She tips her head to the side, watches him for a long, measured moment. Then, she says slowly, “Pieces.”

“Yeah?” God, he looks so clueless sometimes. So sweet.

“Are you … asking me to be your fag hag?”

“My what?”

He looks genuinely confused. Kat tries to stop the incredulous smirk spreading across her face and waves a hand in dismissal. “Never mind,” she says, “sure, I’ll help you. But …”

She frowns, her brows knitting. “I’m pretty sure Gabriel’s straight,” she says at last.

Reese lifts a brow. “Oh?”

She flushes a bit. “Well, like. He doesn’t seem to like anyone.”

Reese shrugs. “And that’s why I’m gonna try to fix that.”

*

Three weeks later, Kat isn’t quite sure why she agreed to help Reese. Turns out, Reese has given this some fairly elaborate thought; he has a plan, one that involves several steps and relies on quite a bit of cunning, actually.

Kat doesn’t really want to point out that there are a few fundamental flaws in Reese’s plan—such as “what if Gabriel is straight?” and “what if Gabriel is not into you?” and “what if you piss him off forever and ever and also manage to accidentally tell everyone at the party you’re gay?”

Reese is so intent, it seems like it might be cruel to starting poking holes in the plan. She’s concerned about him, after all—she just wants to make sure he stays safe, that he doesn’t get hurt—but.

It’s not really her place to tell him this is a dumb idea, she thinks.

Of course, she regrets it, because part of Reese’s plan is getting gussied up in drag—“So Gabby doesn’t know it’s me right off the bat, yeah?”—and, man, he has big plans. Big plans. Custom-tailored plans, and Kat finds herself running to and from the tailor’s, picking up Reese’s costume, carting it back to his place, helping him into it (she has never seen so much of a guy she can’t have, and damn, yeah, he’s kind of right that Gabriel would be stupid to pass up the opportunity, straight or not, gay or not), then carting it back to the tailor’s for more adjustments.
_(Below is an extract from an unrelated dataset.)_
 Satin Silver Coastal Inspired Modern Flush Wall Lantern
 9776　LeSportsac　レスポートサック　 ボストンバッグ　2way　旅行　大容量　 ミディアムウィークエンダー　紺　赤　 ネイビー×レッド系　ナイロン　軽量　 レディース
She does not need this, not during midterms, but Reese seems pretty nervous about going into the tailor’s shop. “They’ll know,” he says, “like, they have my measurements, right? They know it’s not for you, can’t be—so if they see me …”

And all right, she supposes he has a point with that. Nonetheless, she’s pretty sure she spends about five hours or more running this ridiculous delivery service by the time the night of masquerade arrives.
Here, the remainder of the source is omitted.